|
|
|
|
|
by dmitriid
1297 days ago
|
|
I've had a bad experience with zealots. Your original statement lacks any nuance except "E are bad because no pure functional programming". Any attempts to clarify resolve to basic "it's for the good of the whole program". Whereas easy-to-use concurrency primitives, effortless parallelisation and concurrency, and even the most basic stuff like ability to put a logging statement anywhere in the code without re-engineering half of your program trump whatever imagined advantages of pure functional programming you may come up with. Any day of the week, and twice on Fridays. In theory, theory beats practice. But in practice... |
|
> ability to put a logging statement anywhere in the code without re-engineering half of your program
Let me ask you a question: does it change the semantics of your (whole) program if that logline, that you are talking about, is not executed for some reason - or if it is executed more than once?
If your answer is "it doesn't really matter, might at most be a bit annoying but it's just a log, no stakeholder of the program can ever notice" then there is no problem with putting this logline into the program. No need to re-engineer anything.

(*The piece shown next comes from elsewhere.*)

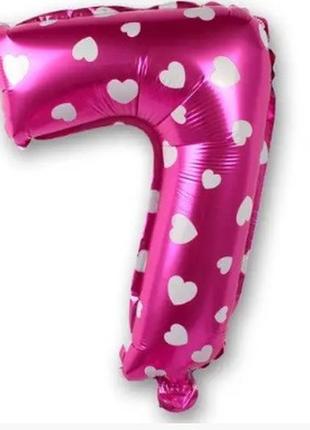 Шар цифра 7 рожева, довжина 70см, (без гелію), фольга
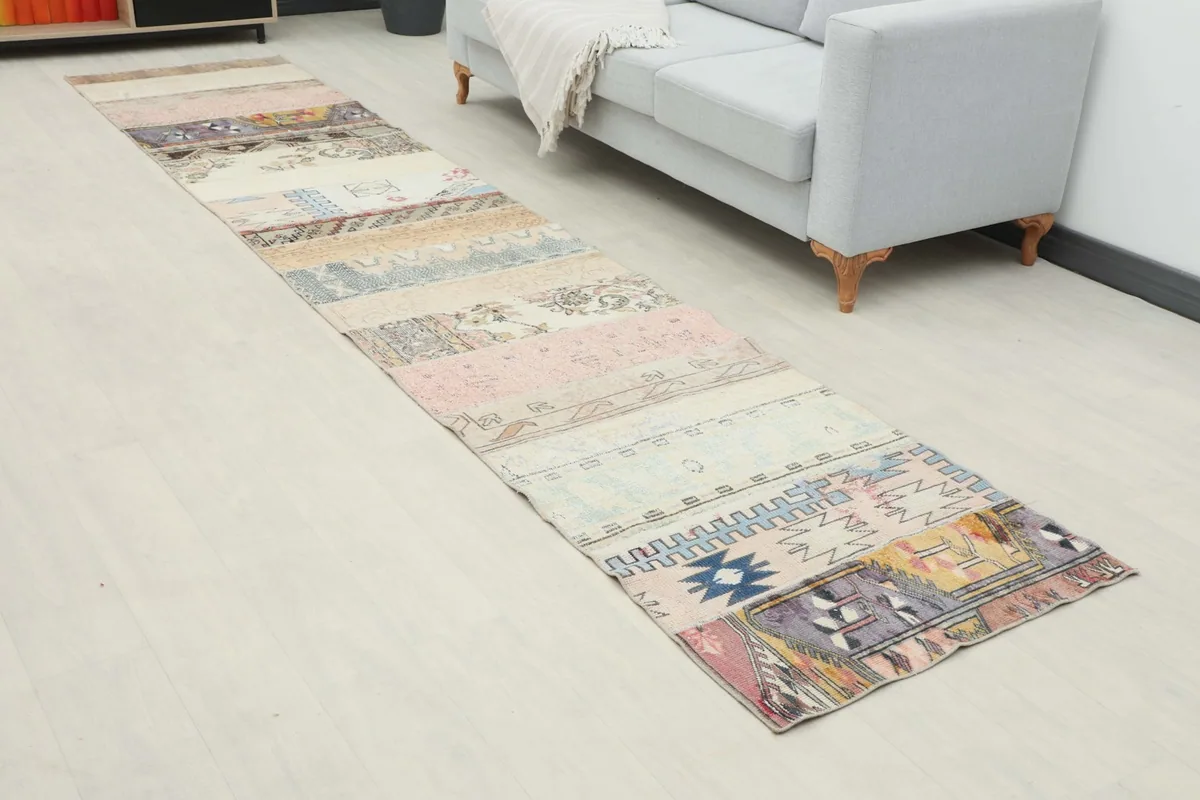 Angled view of the runner in a room, highlighting its length and varied sections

If, however, this logline is critical and will be e.g. parsed and used by another system and actions might be taken due to it, then I would argue it is good if you are forced to consider the potential impacts to your program. If that means that you need to re-engineer half your program then there is a good reason for that, since the potential impact is huge. Such a thing has never happened to me in many years while working on different kind of applications. Sometimes a couple of 100 lines need to be rewritten - that is the max that I ever had to do. And indeed sometimes this rewrite in fact caused me to find and resolve problems that would have otherwise been introduce by accident.